If no designated representative is acting (or once a designated representative ceases to act), the trustee must notify qualified beneficiaries of (1) the trust’s existence, (2) the beneficiary’s right to request a complete copy of the trust instrument, and (3) whether the beneficiary has the right to receive or request trust accounts. The settlor cannot waive this duty.
Dueling Accounting Standards
The ITC also creates two different trust accounting standards. Which standard the trustee must follow depends on the date a trust is created, whether the trust is revocable or irrevocable, and the date upon which the trust became irrevocable.
For trusts that are irrevocable prior to January 1, 2020, or for trustees who accept their appointments prior to the effective date of the ITC, the ITC incorporates the standard for furnishing accounts currently set forth in Section 5/11 of the act. For these pre-2020 trusts, a trustee is required to account only to beneficiaries then entitled to receive or receiving the income from the trust estate, or if none, then to those beneficiaries eligible to have the benefit of income from the trust estate. The annual account must set forth the receipts, disbursements and inventory of the trust estate. The trustee has no duty to account to remainder beneficiaries. The key difference between the rules applicable to pre-ITC trusts and trustees and post-ITC trusts and trustees is that the ITC will give effect to a settlor’s waiver of the duty to provide annual accountings in a pre-ITC trust instrument.
For revocable trusts created prior to January 1, 2020, this standard applies until the trustee then acting ceases to act, at which time the successor trustee thereafter must follow the new ITC standard.

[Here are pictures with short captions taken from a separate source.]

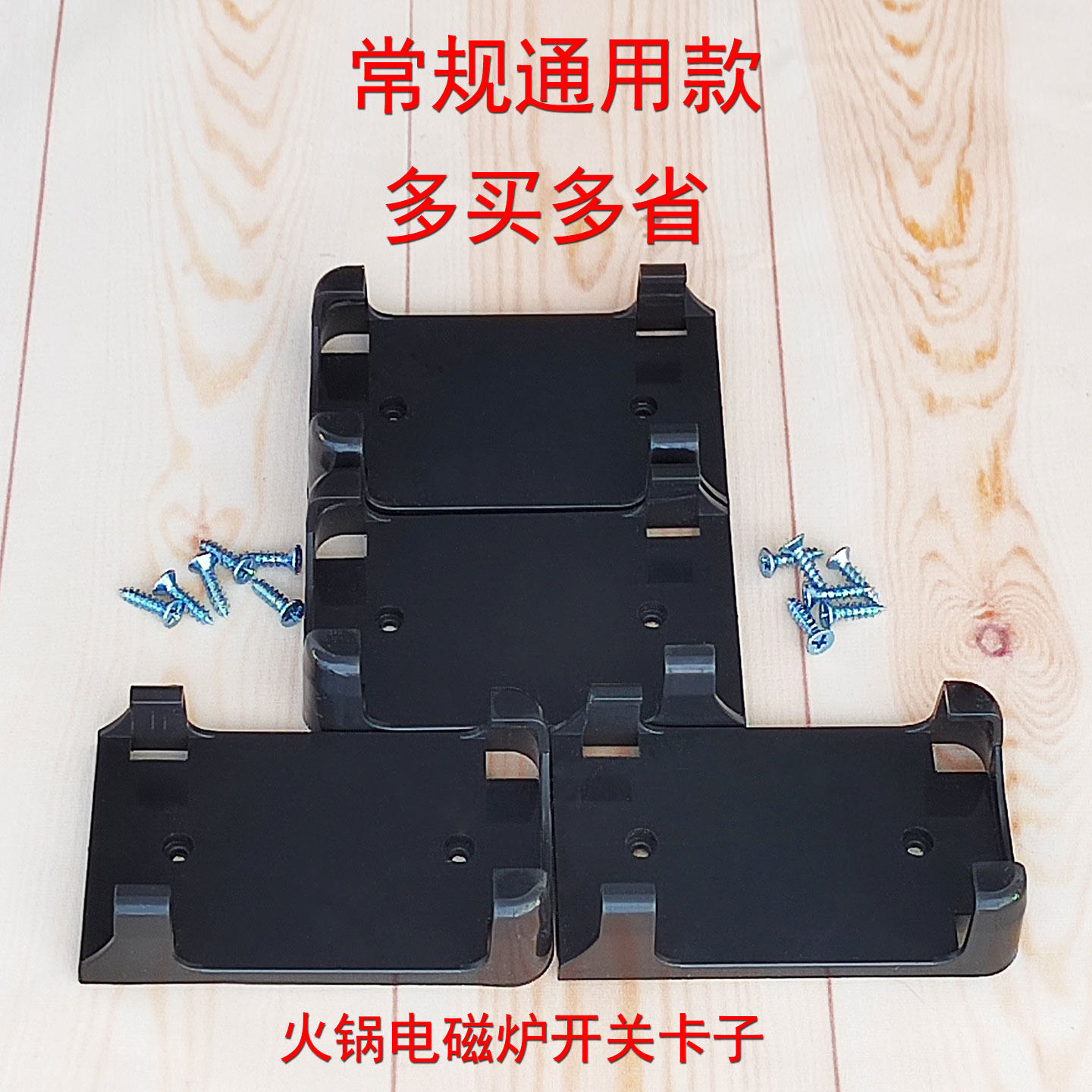 大小电磁炉配件电陶炉开关卡槽夹子回转火锅桌塑料卡控制器固定卡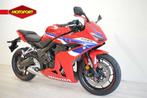 Honda CBR 650 R E-CLUTCH (bj 2026), Motoren, Motoren | Honda, Doornveld 180-184
B-1731  ZELLIK, BE, Bedrijf, Sport, HONDA MOTOR EUROPE BENELUX
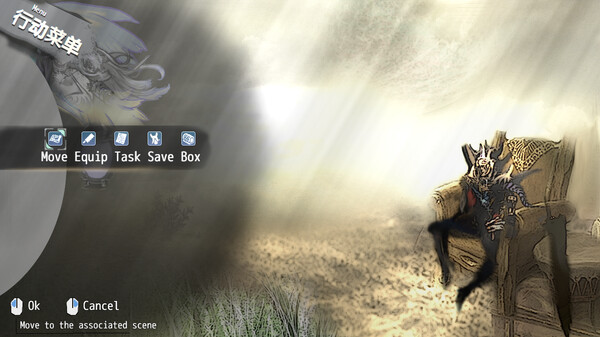 黑铁笼 Cage Darkness Beetle 漆黒の甲虫 囚人籠 screenshot 1
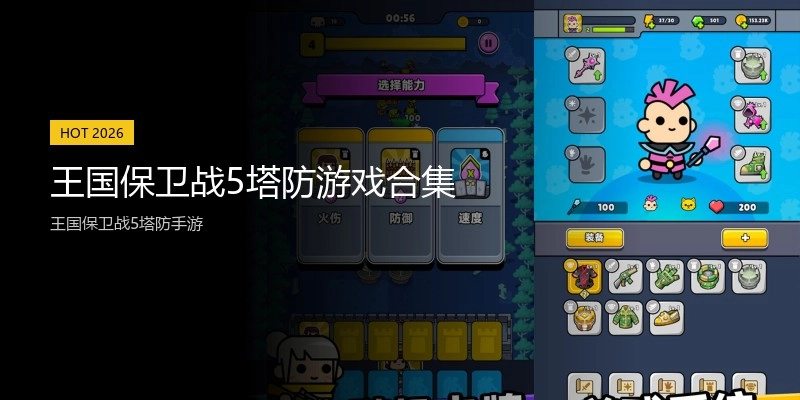 王国保卫战5塔防游戏合集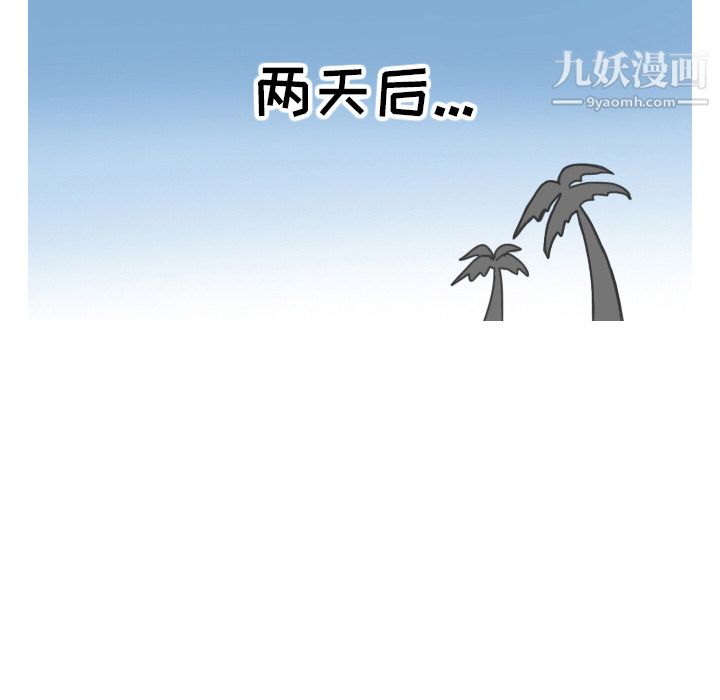 《情爱记事NEXT》漫画最新章节第11话免费下拉式在线观看章节第【60】张图片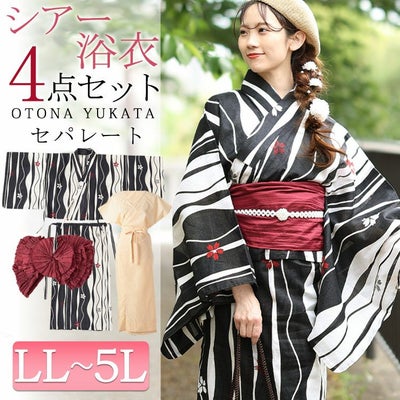 大きいサイズ レディース 【シアー浴衣】浴衣4点セット よろけに桜柄 上下セパレート浴衣＆結び帯＆インナー（4点）　yukata-s9s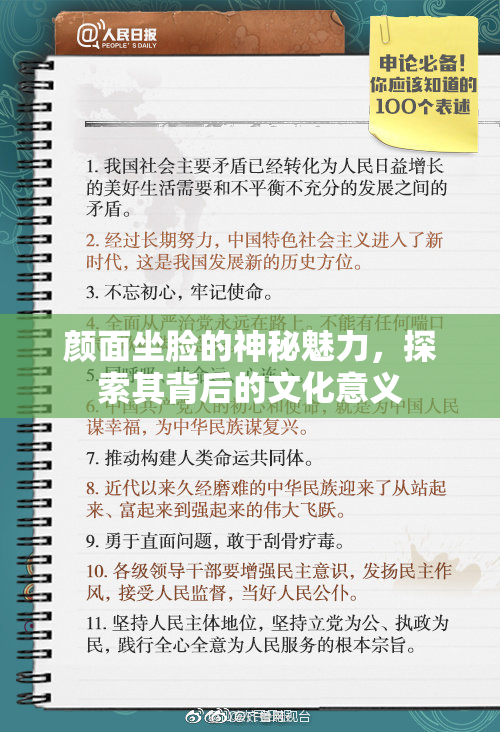 颜面坐脸的神秘魅力，探索其背后的文化意义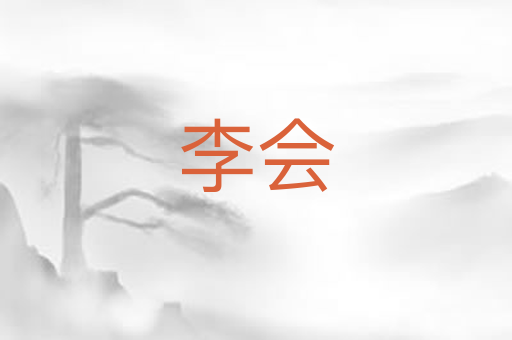 李会
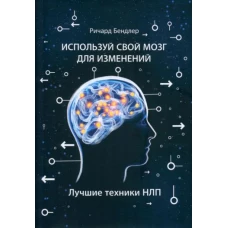 Используй свой мозг для изменений. Ричард Бендлер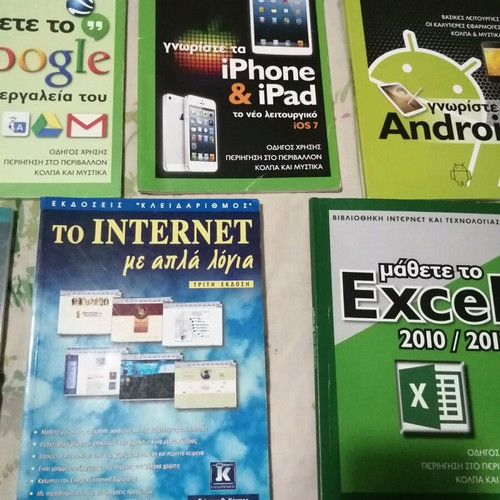 Computer learning books like new, pack of 7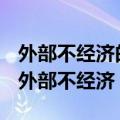 外部不经济的一种解决方法是对该活动征税（外部不经济）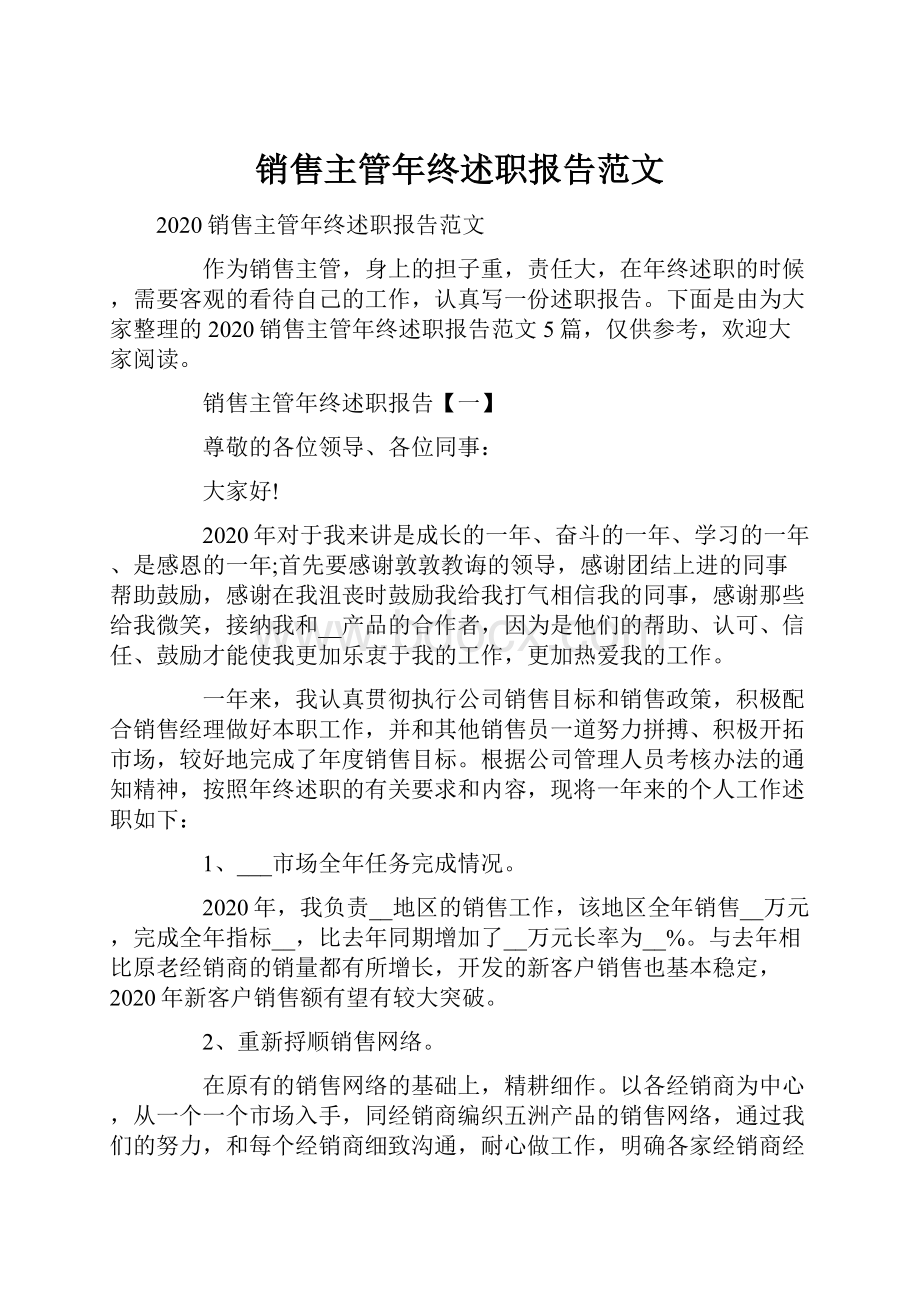 销售主管年终述职报告范文.docx_第1页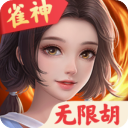 雀神广东麻将图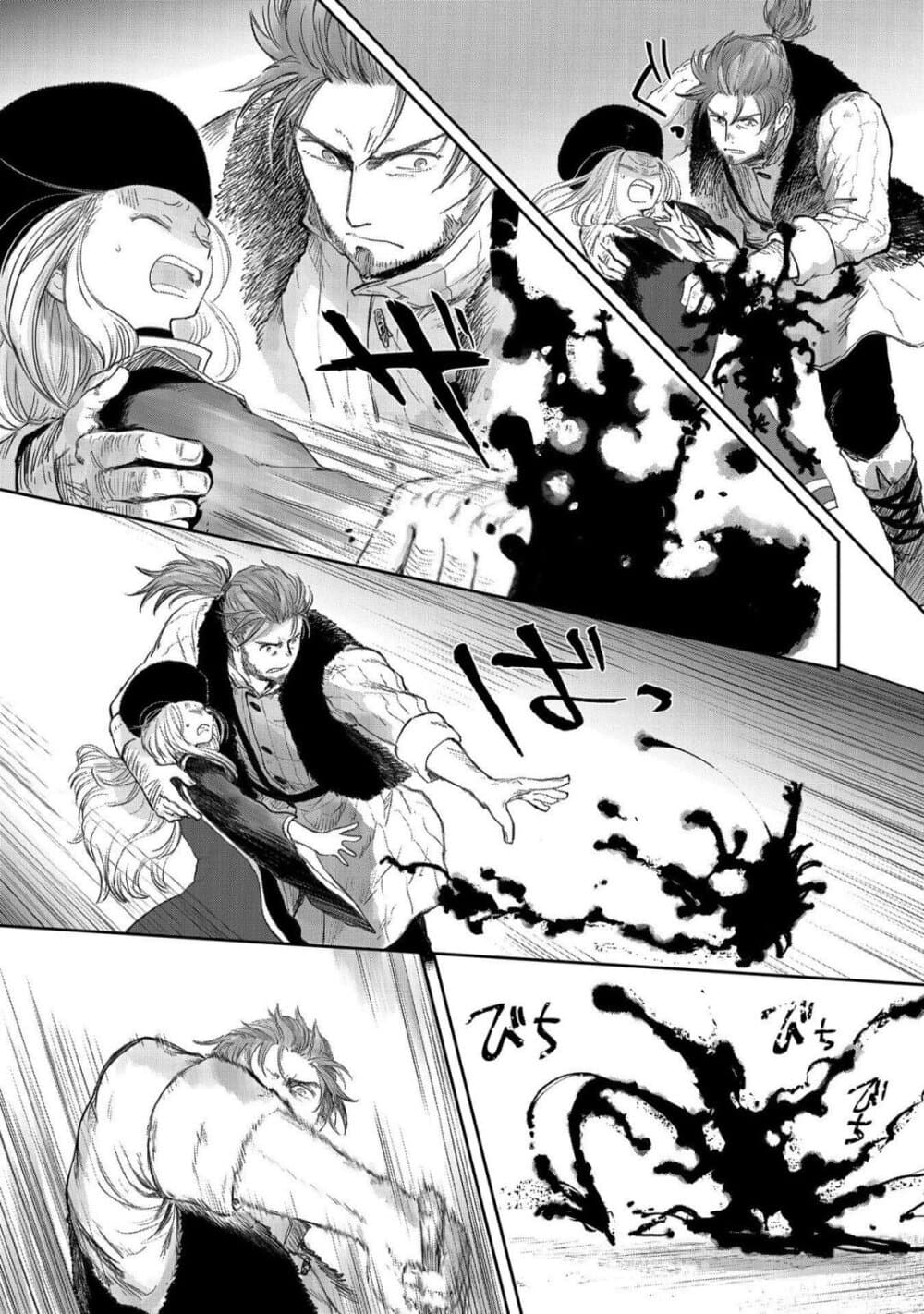 Boukensha ni Naritai to Miyako ni Deteitta Musume ga S Rank ni Natteta page 10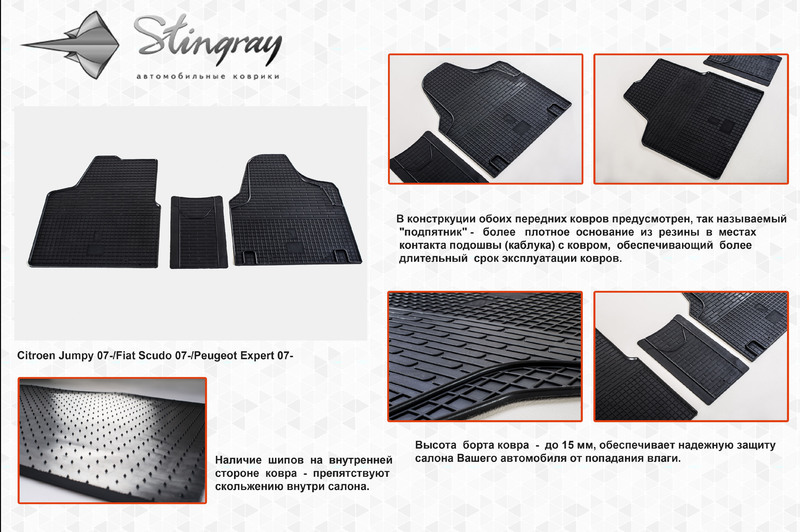 Гумові килимки (3 шт, Stingray) Premium - без запаху гуми 2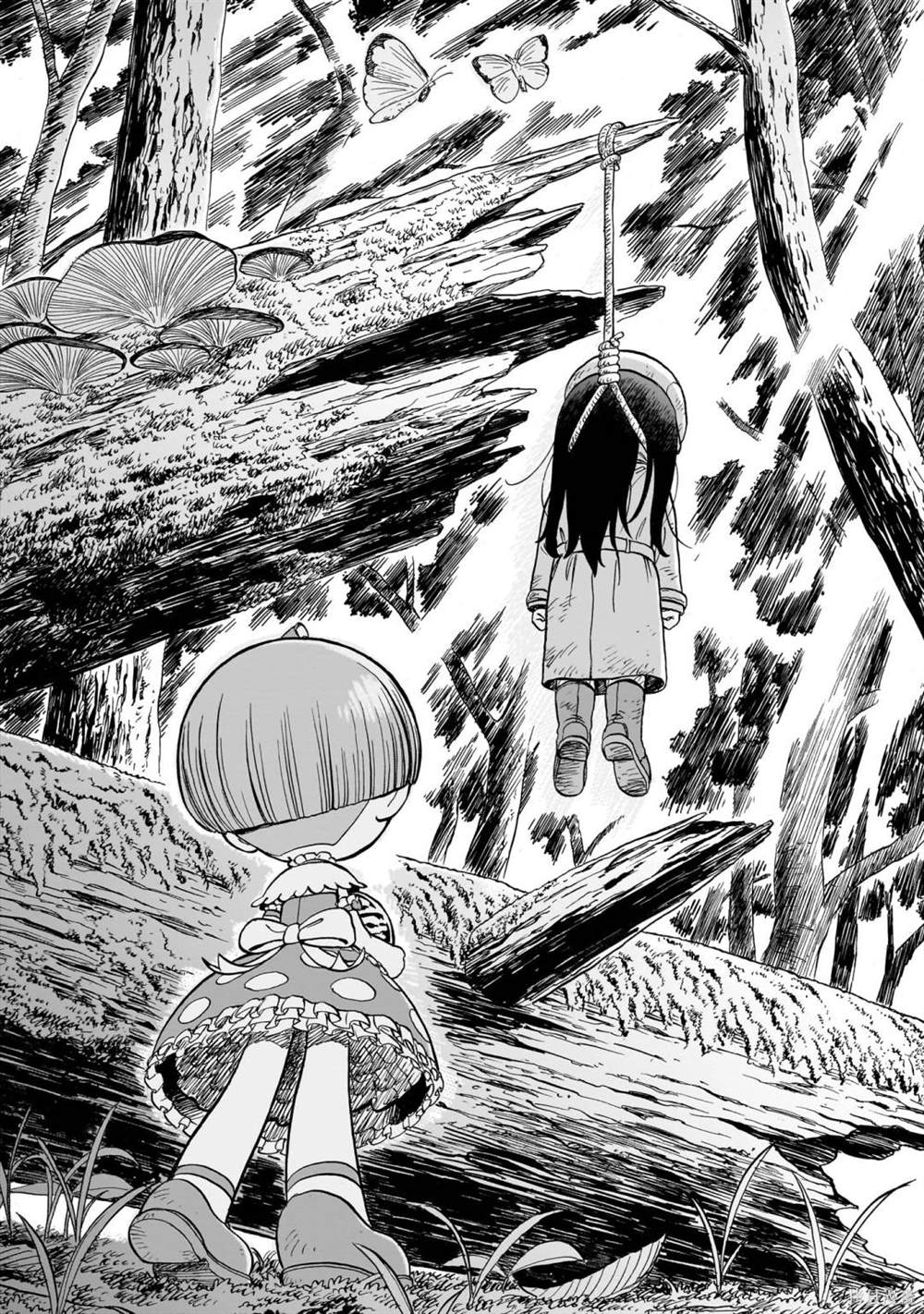 菇毒视频漫画,第1话4图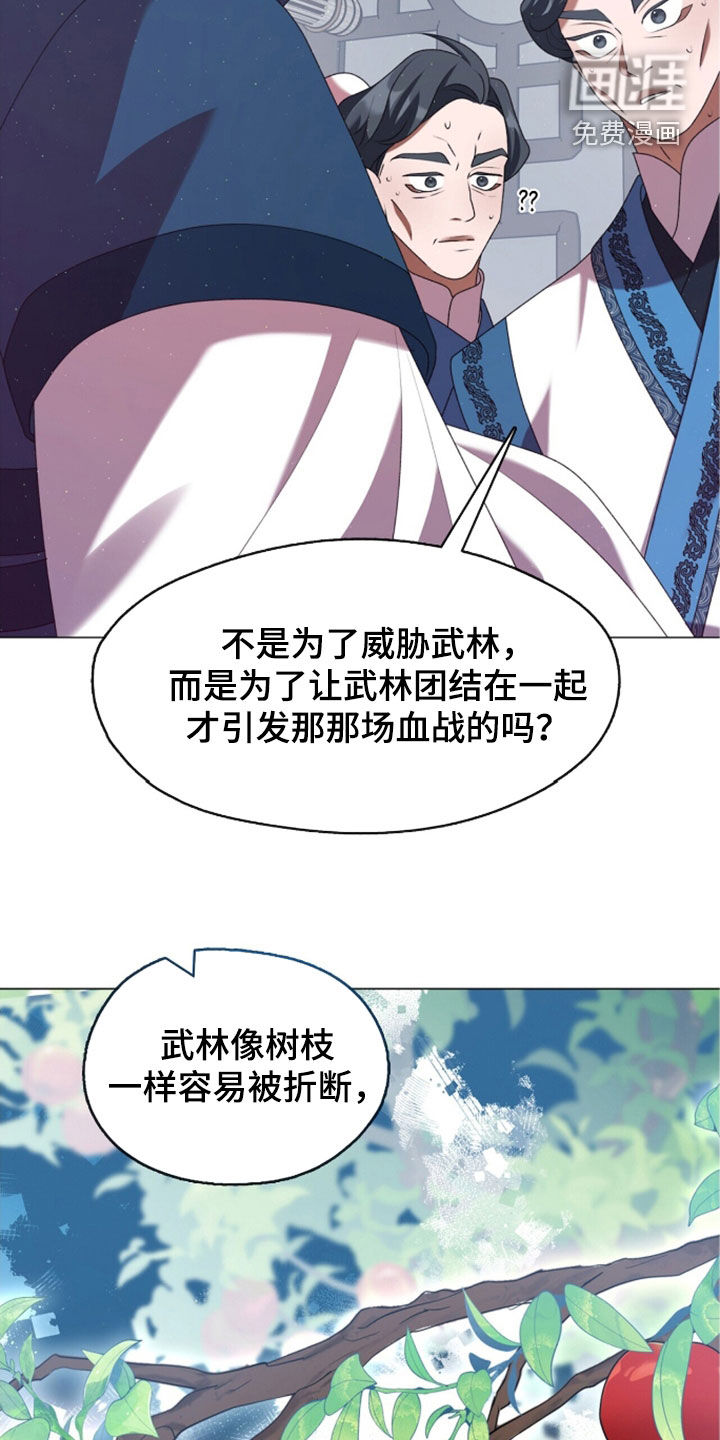 第90话11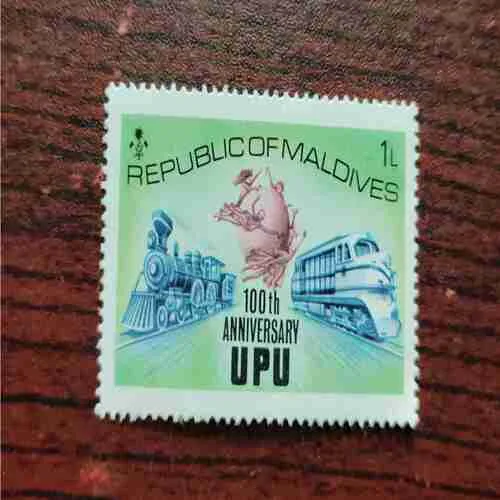 Republic of Maldives 100th Anniversary UPU stamp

For irrevocable trusts created on or after January 1, 2020, the trustee must account annually to all current mandatory and permissible distributees of income or principal. The trustee may not waive this duty, although as discussed above, the settlor may direct that accountings be provided to a designated representative for certain beneficiaries until each represented beneficiary turns 30. The trustee also must account to presumptive remainder beneficiaries unless the trust instrument provides otherwise. Under this new standard, the trustee must disclose more information in the account than currently required under the Act. In addition to disclosing the inventory, receipts and disbursements of the trust, the trustee must disclose:
A description of the trustee’s compensation
The value of the trust assets on hand at the close of the accounting period
All other material facts related to the administration of the trust
New Considerations for the Prudent Investor Rule
Under the ITC, a trustee must follow the prudent investor rule in making investment decisions on behalf of the trust. The ITC permits the trustee to consider environmental, social and governance considerations when making investment decisions. The ITC also permits a trustee to consider whether a trust asset has a special relationship to the purpose of the trust, or to one or more of the beneficiaries, in determining whether to retain or dispose of the asset.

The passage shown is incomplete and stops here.